[To do]
Reproduce verbatim the lines of the material below, starting at the line with "Dr. Sushil Kumar" and ending at the line with "BLUZA FORTNITR AVE F8.jpg", both inclusive; skip the rest.

[Supplied data]
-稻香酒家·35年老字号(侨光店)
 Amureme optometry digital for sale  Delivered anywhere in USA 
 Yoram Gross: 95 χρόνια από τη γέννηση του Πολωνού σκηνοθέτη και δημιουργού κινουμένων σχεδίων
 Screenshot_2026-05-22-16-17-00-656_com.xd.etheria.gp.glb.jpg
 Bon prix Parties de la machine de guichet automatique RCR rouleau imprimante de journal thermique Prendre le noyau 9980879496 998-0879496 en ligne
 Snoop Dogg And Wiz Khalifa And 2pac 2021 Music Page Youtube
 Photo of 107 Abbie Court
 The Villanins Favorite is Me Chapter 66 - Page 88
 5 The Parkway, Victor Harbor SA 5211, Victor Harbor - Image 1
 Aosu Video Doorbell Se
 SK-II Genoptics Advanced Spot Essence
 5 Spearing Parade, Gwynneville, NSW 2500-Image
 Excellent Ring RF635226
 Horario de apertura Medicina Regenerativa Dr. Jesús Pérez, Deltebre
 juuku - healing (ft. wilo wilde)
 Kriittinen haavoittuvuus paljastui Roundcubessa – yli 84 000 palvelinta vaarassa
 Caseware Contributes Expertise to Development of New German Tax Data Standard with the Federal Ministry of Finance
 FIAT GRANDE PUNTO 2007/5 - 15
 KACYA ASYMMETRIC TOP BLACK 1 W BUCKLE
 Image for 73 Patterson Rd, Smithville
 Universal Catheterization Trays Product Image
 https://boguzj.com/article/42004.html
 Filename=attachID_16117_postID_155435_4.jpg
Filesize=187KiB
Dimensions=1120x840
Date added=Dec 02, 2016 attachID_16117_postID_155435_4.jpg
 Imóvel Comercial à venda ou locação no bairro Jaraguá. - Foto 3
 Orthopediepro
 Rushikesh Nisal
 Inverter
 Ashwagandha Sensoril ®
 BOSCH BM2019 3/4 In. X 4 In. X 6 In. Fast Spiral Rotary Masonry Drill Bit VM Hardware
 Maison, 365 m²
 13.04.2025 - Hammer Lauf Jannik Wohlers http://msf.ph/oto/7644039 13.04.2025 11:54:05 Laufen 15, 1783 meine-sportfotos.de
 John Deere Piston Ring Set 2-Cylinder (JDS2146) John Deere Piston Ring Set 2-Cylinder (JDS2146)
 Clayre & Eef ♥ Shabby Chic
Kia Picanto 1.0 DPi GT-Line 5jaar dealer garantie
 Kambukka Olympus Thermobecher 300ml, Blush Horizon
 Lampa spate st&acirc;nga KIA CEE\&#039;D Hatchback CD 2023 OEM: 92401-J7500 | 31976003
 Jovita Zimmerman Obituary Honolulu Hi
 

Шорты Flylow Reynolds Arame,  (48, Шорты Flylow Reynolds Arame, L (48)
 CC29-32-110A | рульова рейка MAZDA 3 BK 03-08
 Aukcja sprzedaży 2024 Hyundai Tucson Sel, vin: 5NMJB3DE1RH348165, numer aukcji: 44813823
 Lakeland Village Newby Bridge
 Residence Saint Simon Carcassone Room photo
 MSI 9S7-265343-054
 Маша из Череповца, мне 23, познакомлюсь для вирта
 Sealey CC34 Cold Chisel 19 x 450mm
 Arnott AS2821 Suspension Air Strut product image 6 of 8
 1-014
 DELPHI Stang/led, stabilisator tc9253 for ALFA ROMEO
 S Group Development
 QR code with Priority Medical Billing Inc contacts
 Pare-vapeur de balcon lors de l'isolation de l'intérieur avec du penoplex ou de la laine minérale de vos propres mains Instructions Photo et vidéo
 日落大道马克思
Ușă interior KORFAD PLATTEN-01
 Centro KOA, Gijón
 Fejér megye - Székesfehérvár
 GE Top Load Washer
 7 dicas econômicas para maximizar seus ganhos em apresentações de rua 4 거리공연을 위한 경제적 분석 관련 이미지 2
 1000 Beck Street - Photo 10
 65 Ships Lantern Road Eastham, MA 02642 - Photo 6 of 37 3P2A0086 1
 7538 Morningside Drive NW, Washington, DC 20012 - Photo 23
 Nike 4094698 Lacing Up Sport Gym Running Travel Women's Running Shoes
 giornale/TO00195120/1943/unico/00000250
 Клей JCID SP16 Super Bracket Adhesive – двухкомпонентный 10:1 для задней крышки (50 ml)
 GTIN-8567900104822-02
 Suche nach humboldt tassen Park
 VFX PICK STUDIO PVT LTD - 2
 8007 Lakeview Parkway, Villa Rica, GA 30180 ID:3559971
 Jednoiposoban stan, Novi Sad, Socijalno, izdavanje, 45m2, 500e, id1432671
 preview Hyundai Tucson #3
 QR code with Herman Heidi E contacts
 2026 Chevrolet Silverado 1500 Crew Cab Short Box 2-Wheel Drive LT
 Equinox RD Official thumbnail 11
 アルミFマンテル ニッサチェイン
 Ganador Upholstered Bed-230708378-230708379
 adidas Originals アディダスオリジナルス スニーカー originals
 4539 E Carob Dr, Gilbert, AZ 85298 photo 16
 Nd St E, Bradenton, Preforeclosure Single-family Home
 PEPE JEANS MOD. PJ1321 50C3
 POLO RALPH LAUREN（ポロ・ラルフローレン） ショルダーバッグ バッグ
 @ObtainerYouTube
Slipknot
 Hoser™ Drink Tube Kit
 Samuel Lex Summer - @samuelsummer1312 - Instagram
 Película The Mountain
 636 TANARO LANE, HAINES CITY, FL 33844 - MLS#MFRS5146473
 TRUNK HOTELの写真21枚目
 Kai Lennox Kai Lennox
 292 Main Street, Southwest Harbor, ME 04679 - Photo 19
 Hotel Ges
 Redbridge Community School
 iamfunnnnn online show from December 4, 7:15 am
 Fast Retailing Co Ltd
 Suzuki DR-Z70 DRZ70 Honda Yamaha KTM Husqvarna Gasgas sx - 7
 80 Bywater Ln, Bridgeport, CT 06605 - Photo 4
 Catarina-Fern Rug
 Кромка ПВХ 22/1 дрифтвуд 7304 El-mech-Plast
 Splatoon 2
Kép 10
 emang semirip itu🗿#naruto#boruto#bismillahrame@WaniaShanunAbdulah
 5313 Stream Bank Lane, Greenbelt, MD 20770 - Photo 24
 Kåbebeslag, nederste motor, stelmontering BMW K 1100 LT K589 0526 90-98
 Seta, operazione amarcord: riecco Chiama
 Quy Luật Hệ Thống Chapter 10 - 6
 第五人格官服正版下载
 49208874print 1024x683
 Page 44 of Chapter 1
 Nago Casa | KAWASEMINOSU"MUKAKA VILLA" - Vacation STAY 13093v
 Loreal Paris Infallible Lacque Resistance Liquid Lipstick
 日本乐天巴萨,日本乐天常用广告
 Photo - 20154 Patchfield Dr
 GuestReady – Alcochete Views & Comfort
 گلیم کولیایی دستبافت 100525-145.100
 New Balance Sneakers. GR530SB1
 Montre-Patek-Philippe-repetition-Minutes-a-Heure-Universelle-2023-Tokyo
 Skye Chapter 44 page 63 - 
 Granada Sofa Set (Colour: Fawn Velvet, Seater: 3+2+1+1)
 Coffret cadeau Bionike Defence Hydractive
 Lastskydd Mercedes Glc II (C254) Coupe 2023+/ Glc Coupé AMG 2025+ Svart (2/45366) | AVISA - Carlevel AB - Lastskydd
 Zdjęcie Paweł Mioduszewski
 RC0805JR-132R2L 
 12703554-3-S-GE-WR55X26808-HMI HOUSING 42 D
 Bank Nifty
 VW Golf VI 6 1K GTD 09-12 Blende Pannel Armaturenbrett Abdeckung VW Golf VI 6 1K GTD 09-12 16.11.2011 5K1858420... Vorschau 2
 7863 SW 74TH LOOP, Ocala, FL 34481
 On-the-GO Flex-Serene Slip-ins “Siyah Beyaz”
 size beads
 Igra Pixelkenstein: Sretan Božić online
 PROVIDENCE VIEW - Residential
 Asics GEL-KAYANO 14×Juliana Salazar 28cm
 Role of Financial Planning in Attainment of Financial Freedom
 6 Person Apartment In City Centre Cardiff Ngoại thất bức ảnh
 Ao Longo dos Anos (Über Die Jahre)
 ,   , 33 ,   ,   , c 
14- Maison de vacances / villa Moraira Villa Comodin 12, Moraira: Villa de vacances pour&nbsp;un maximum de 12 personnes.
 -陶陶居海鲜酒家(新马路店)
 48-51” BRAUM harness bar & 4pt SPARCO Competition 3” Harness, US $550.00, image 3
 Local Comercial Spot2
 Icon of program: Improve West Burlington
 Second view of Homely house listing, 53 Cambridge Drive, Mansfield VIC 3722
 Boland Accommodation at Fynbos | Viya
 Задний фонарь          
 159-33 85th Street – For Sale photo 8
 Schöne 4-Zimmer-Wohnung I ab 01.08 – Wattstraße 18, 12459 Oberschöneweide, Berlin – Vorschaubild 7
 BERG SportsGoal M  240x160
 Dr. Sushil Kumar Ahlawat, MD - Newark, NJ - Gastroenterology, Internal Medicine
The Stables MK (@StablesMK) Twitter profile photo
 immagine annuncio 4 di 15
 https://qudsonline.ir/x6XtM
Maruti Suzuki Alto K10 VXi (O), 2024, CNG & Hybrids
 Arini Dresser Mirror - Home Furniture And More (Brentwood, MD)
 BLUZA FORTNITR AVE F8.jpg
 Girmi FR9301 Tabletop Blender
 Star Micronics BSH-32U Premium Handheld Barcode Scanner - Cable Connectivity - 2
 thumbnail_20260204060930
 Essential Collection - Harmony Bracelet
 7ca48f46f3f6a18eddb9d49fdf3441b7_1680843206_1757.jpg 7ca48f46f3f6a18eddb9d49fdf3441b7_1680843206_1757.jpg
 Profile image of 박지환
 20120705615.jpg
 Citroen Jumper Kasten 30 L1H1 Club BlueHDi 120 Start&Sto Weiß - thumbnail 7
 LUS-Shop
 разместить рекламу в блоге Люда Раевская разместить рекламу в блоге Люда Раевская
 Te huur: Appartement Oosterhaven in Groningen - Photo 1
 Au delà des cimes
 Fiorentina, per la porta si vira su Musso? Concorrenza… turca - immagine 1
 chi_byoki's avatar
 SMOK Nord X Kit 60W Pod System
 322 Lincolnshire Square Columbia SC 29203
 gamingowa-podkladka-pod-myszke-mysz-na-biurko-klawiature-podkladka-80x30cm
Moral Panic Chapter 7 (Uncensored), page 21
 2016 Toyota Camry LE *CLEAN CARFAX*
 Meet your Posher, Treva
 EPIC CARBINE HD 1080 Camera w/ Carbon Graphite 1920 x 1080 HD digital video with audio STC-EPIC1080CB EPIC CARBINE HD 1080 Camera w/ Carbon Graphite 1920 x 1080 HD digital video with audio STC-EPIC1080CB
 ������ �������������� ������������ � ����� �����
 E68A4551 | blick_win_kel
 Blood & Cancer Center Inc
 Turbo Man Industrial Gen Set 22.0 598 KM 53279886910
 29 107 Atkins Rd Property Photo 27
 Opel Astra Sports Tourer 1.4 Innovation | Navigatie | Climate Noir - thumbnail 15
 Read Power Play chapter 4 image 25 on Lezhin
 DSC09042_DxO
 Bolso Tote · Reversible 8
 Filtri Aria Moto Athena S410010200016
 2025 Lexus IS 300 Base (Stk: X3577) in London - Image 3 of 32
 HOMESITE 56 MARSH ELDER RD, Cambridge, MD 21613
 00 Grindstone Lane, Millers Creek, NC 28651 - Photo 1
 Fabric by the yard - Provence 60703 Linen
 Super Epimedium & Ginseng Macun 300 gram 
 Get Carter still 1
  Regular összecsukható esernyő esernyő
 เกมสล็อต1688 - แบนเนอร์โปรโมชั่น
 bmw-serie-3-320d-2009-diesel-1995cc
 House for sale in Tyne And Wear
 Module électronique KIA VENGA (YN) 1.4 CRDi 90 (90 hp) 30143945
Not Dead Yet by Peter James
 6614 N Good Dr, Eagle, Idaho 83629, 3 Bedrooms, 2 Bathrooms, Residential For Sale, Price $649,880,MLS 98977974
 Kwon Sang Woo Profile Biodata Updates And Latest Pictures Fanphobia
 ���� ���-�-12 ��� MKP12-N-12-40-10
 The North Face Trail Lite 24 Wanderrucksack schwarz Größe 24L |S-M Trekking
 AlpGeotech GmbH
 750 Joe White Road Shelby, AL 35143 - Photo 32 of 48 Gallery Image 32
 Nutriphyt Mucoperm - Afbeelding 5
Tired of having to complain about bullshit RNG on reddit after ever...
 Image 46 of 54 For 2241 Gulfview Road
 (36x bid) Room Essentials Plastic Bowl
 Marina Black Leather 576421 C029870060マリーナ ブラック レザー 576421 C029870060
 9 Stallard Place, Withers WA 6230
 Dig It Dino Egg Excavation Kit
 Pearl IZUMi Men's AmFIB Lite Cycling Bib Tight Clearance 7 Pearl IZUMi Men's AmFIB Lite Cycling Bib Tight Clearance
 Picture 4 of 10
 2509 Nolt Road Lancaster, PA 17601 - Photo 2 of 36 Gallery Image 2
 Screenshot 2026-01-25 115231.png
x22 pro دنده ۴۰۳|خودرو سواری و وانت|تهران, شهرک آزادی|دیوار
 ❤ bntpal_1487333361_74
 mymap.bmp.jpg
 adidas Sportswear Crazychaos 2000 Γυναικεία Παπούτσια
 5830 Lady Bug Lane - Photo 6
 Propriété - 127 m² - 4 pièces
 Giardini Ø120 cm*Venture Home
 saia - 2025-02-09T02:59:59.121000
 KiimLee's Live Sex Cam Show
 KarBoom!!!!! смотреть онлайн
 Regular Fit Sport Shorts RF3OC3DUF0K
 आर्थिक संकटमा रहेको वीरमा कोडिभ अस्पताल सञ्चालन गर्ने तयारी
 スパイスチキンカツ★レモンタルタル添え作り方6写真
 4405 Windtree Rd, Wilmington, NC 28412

[Solution for this problem]
 Dr. Sushil Kumar Ahlawat, MD - Newark, NJ - Gastroenterology, Internal Medicine
The Stables MK (@StablesMK) Twitter profile photo
 immagine annuncio 4 di 15
 https://qudsonline.ir/x6XtM
Maruti Suzuki Alto K10 VXi (O), 2024, CNG & Hybrids
 Arini Dresser Mirror - Home Furniture And More (Brentwood, MD)
 BLUZA FORTNITR AVE F8.jpg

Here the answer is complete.